The plan goes something like this. At the event, Obama will nominate three judges to fill three vacancies on an appeals court serving Washington, D.C. (The D.C. Circuit, as it's known, has broad power to review federal regulations, making it an extremely powerful bench — and one from which four sitting Supreme Court Justices have come.) The Constitution mandates that the Senate vote on those nominees, which under normal circumstances would likely mean that they'd be approved. After all, 54 Democrats and Democrat-friendly independents is a larger number than 45 Republicans.
But these are not normal circumstances. Obama has nominated people to fill those three vacancies before, only to see the nominations blocked by a Republican filibuster. In the current Senate, a nominee needs 60 votes — enough to end any filibuster and be approved. With the Democrats losing a senator yesterday, reaching that number just became harder.

Patricia Ann Millett
Cornelia T. L. Pillard
Robert L. Wilkins

If the Senate were to approve all three nominees, the balance of the D.C. Circuit would shift.
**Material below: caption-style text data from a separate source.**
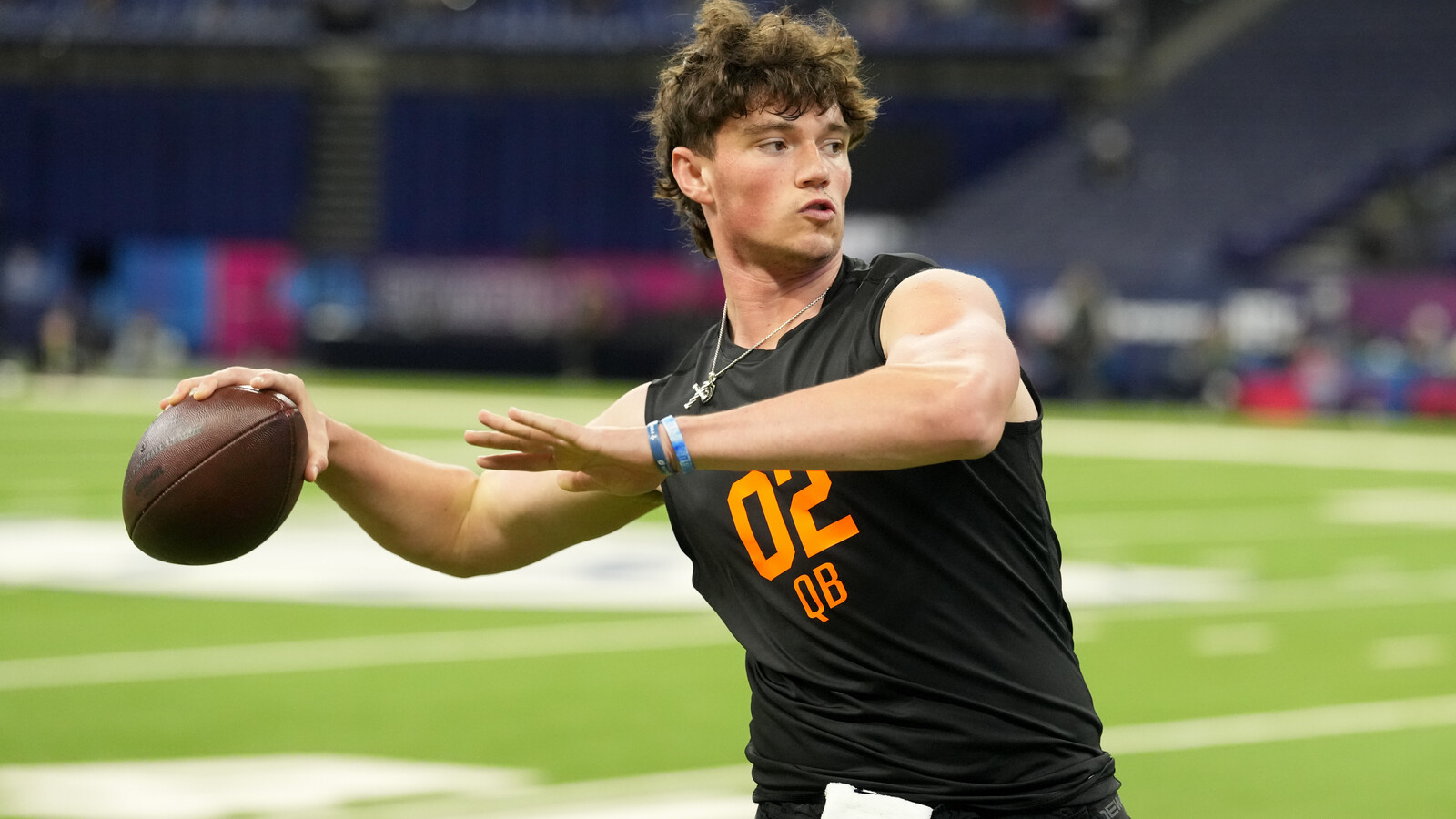 New York Jets could target a Big Ten quarterback in 2026 NFL Draft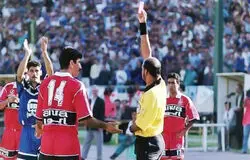 پاسخ مستدل به نیکبخت/ چرا پرسپولیس 9 نفره 2 بار دبرک دروازه شما را لرزانده؟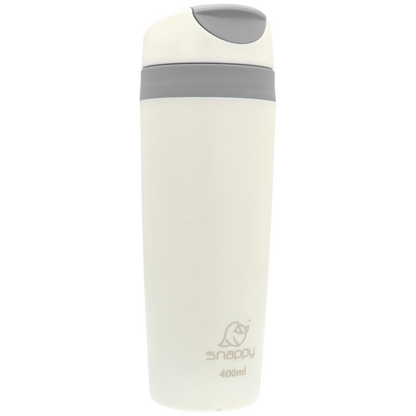 Snappy Smooth Thermal Tumbler 400ml Vanilla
Right now, four Democratic appointees and four Republican appointees sit on what is widely believed to be the nation's second most influential court. Filling the three vacancies would make the balance seven-to-four — although there is a senior bench with six judges who hear some cases, five of whom were Republican appointees.

Republicans have a counter to the President's plan: eliminate the three vacancies or, at least, move some to other Appeals benches. It's an equally transparent push to manipulate the balance of power on the court — but one that faces a steep climb in a Senate still controlled by Democrats.
With the death of Senator Lautenberg, however, even the "nuclear option" plan looks tentative. Meaning that one likely result of the Rose Garden insurrection may be a filibuster of some or all of today's nominees. As after so many revolutions before, we could just end up back in the status quo.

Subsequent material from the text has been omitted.